Mme Jérôme-Forget: Non. Écoutez, je le dis, je l'ai dit, je ne suis pas heureuse de ce volet au niveau de la péréquation, je ne suis pas heureuse au niveau du Transfert social canadien, je ne suis pas heureuse au niveau de la Commission des valeurs mobilières, et bien sûr que vous ne pouvez pas me faire dire que je suis heureuse de ça, je l'ai mentionné. J'apportais juste un correctif aux chiffres parce qu'on véhicule souvent ce chiffre de 1 milliard de dollars. Je me base sur des chiffres du ministère des Finances, ce que j'appelle, quant à moi, des vrais chiffres.

M. Plouffe (Robert): Je veux juste savoir si ça va replonger le Québec en déficit, Mme Jérôme-Forget.

Mme Jérôme-Forget: Écoutez, je vais mettre tous mes chiffres à jour.

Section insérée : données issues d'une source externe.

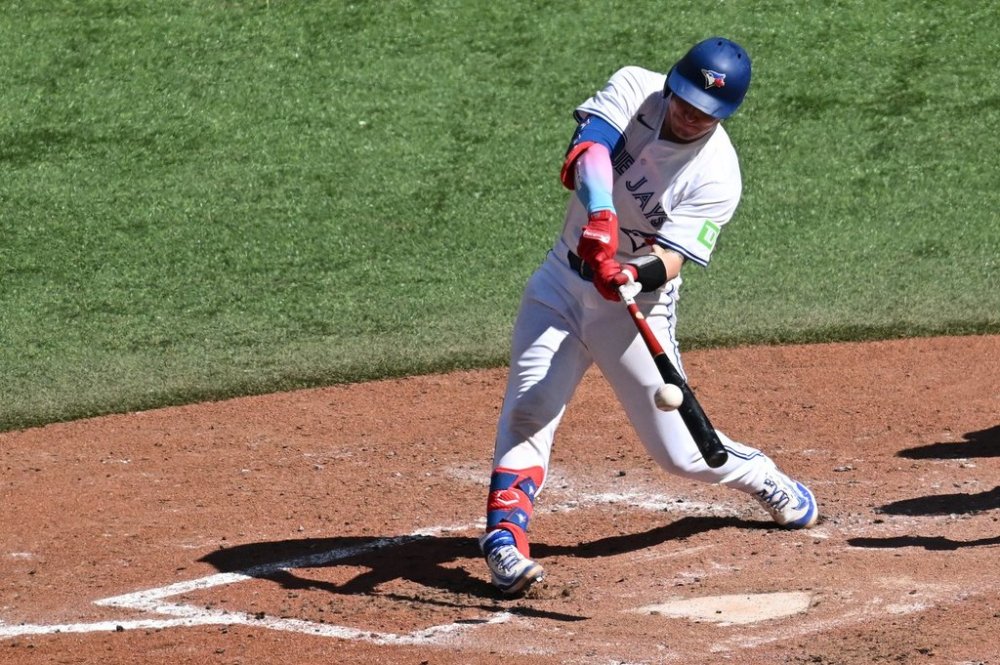 Toronto Blue Jays catcher Tyler Heineman (55) hits an RBI double against the Milwaukee Brewers in fifth inning MLB action in Toronto on Sunday, Aug. 31, 2025. THE CANADIAN PRESS/Jon Blacker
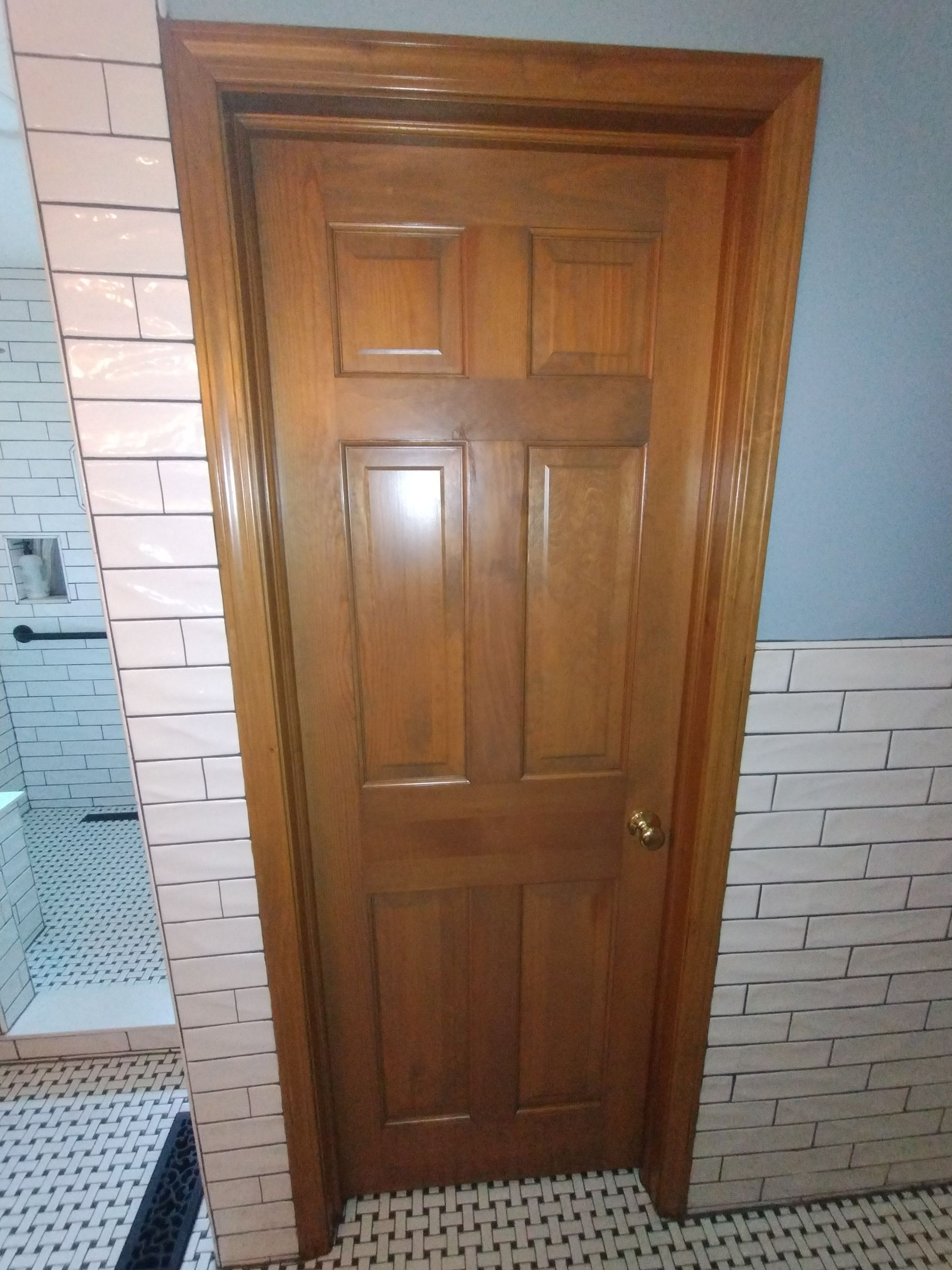 Wooden door in a bathroom with white brick-style tile and black and white floor tiles.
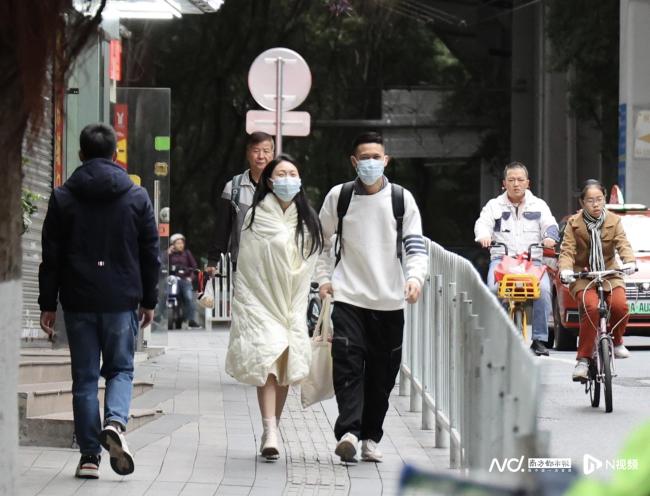 寒潮袭来气温骤降 广州街头小姐姐冻得裹被子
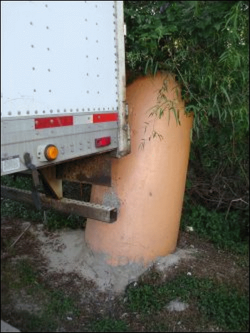 Trailer bumper hits concrete post upon parking too far back in the parking space.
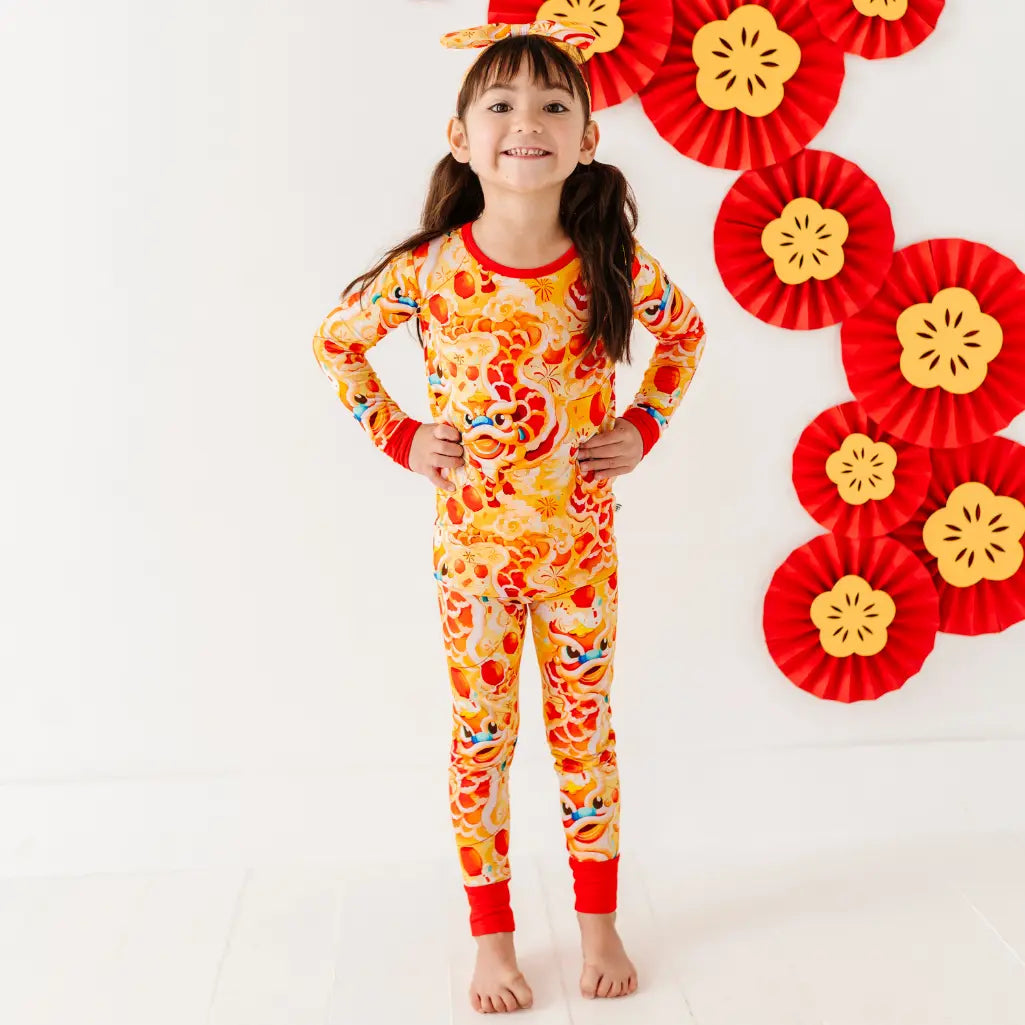 Child wearing a colorful pajama set with floral patterns against a white background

Vous comprendrez que les révisions de croissance économique, au fédéral, pour l'année 2009-2010, sont passées, si ma mémoire est bonne, à 0,6 %, à moins 1,2 %. Donc, il y a eu, dans quelques mois, un changement, au niveau de la croissance économique à Ottawa, de 1,8 %. Donc, c'est clair que le Québec, où j'avais prévu, en 2009-2010, rappelez-vous, en mars 2 % de croissance, en novembre 0,6 % de croissance, il est clair que je vais devoir mettre ces chiffres à jour, puisque, si le Canada se trouve dans un état négatif de 1,2 %, il est clair que le Québec va être grandement affecté. Mais je vais mettre ces chiffres à jour là très prochainement justement pour le budget que je vais déposer probablement en mars.

M. Dutrisac (Robert): Le budget fédéral lui-même, là, est-ce qu'il pousse, en 2009-2010, le Québec en déficit?

Mme Jérôme-Forget: Est-ce que le budget lui-même... Le budget vient apporter des sommes d'argent additionnelles. D'accord? Il y a des dépenses pour 40 milliards de dollars, 39 milliards de dollars. Donc, il y a des sommes d'argent qui viennent au Québec. Vous me posez la question: Est-ce qu'on est gagnant par rapport à ce qu'on perd au niveau de la péréquation? Je pense que ce sont des analyses qu'on va devoir faire dans les heures qui suivent, là. Mais c'est clair que le Québec gagne dans des volets. Au niveau des investissements dans les entreprises, au niveau de la rénovation pour les citoyens, il y a beaucoup de... il y a des gestes qui sont posés. Mais c'est clair, en 2010-2011, il y a une perte, quant à moi, par rapport à mes chiffres, de 695 millions de dollars.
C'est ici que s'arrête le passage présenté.